Back by overwhelming demand, FootballScoop will once again examine the assistant coaching hires that will have the biggest impact on the college football season and the coaching job market in the 2021 season and beyond.
Who: Liam Coen, Kentucky
Title: Offensive coordinator/quarterbacks coach
Previous stop: Los Angeles Rams assistant wide receivers coach/assistant quarterbacks coach (2018-20)
Why he's important: How does a guy who was last seen in the college game running the 58th best offense in the FCS get a coordinator job in the SEC?
You earn the approval of this guy right here.

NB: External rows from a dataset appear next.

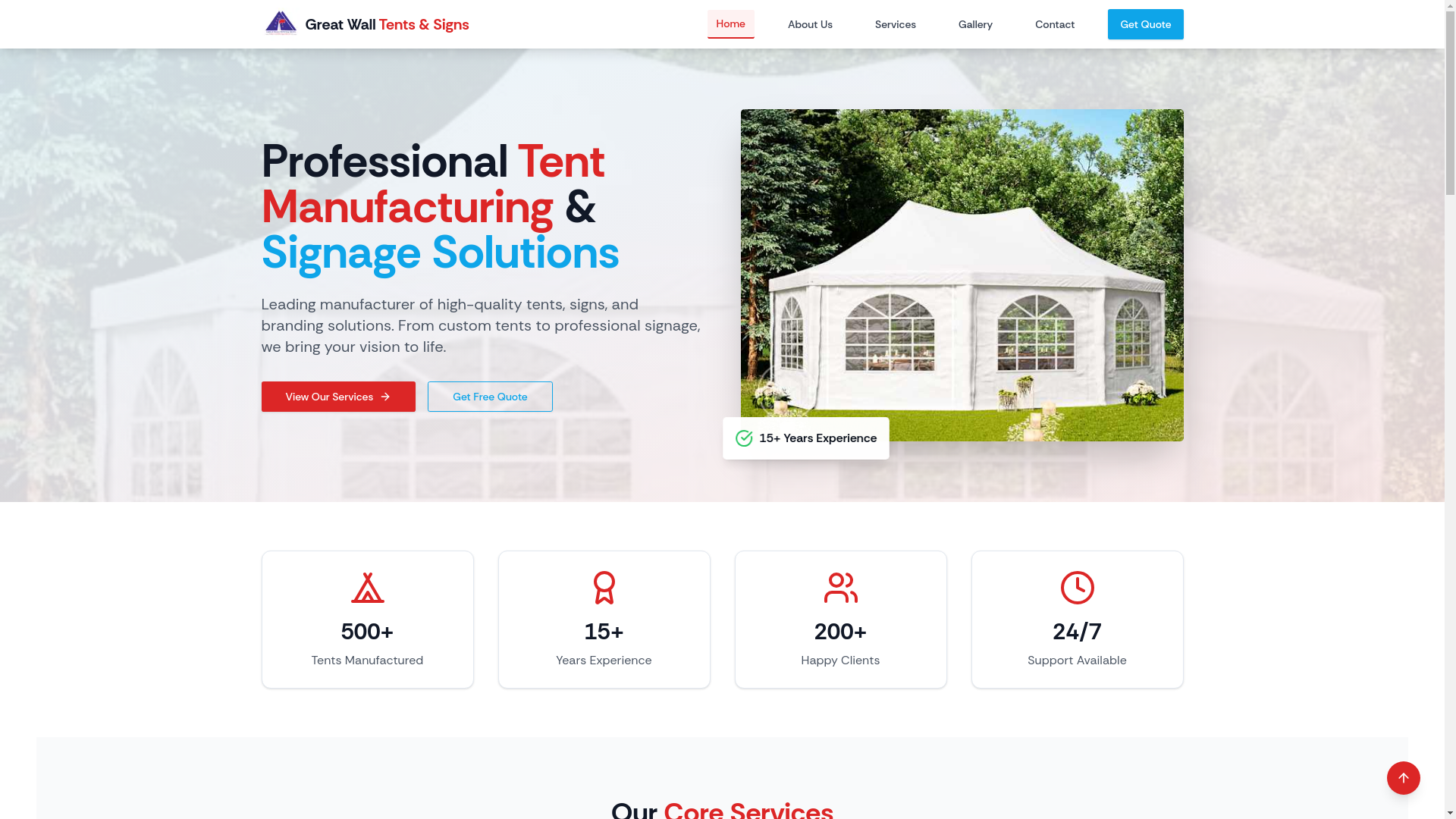 website screenshot of https://greatwalltentsandsign.com/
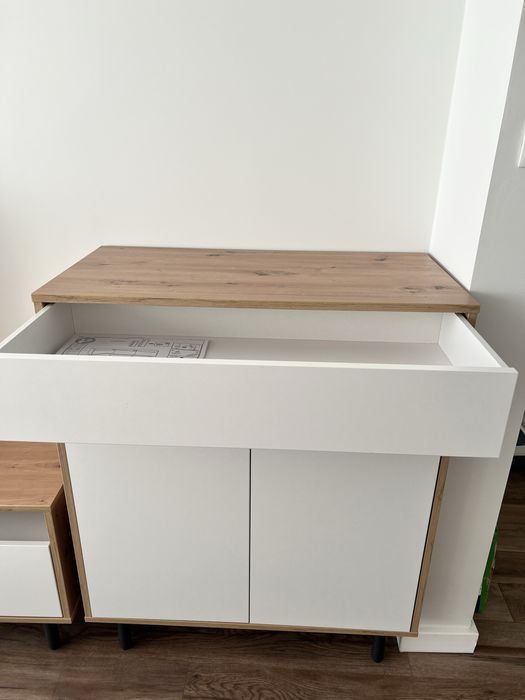 MEBLE Black Red White Gap Komoda + Szafka RTV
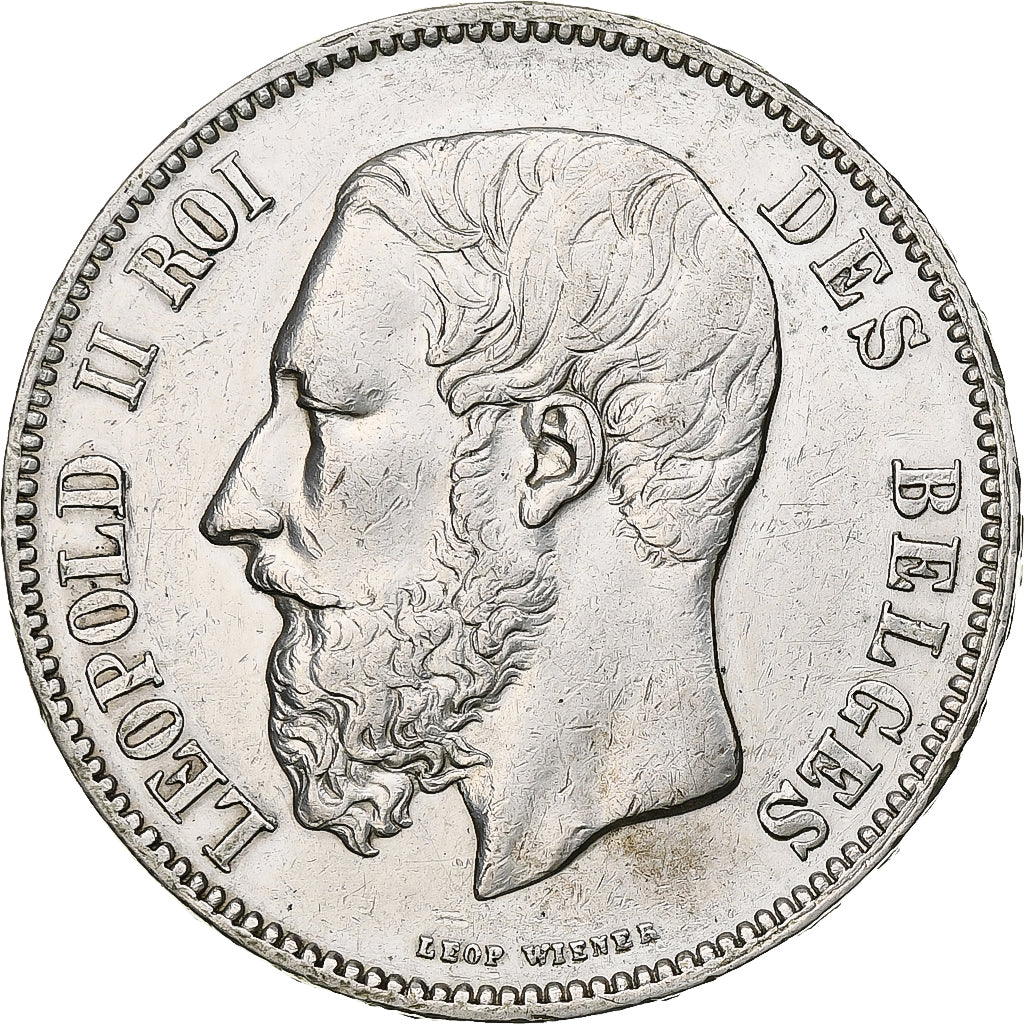 Belgium, Leopold II, 5 Francs, 5 Frank, 1869, Silver, EF(40-45), KM:24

"He was a great quarterback at UMass. Has a great feel and understanding of the game from an all-22 perspective," McVay said via text to Joe Tessitore. "Expect him to use motions, formations, tempo as a weapon to apply pressure to the defense. Spent the last three seasons as one of my most trusted coaches who I heavily relied on behind the scenes. Strong communication skills, great ability to connect with the guys."
Coen was indeed a successful quarterback at UMass, a 4-year starter who led the Minutemen to the title game as a sophomore. After a year in the arena league, he returned to the New England FCS scene, where he might still be today if not for McVay.
He was Brown's quarterbacks coach for the 2010 season, then got a passing game coordinator job at Rhode Island in 2011. He returned to Brown for 2012-13, then went back to his alma mater as passing game coordinator and quarterbacks coach. That was enough to land him the coordinator job at Maine in 2016 where, working alongside then-30-year-old head coach Joe Harsymiak, his offenses finished 88th and 58th in scoring.
He'd agreed to coordinate Holy Cross's offense ahead of the 2018 season when McVay pulled him 3,000 miles away from everything he knew -- literally and figuratively.
Coen replaced Zac Taylor, who was promoted from assistant wide receivers coach to quarterbacks coach; a year later, he was the head coach of the Cincinnati Bengals. Coen's rise wasn't quite that fast -- he spent a whole two years as assistant wideouts coach, then one as assistant QBs coach.
Now, this 35-year-old who's never coordinated an offense at the FBS level is the point man of a total makeover in the SEC.
Coen will bring McVay's system with him to Lexington, featuring lots of wide zone and play action that actually looks like a run play, rather than a play-action pass.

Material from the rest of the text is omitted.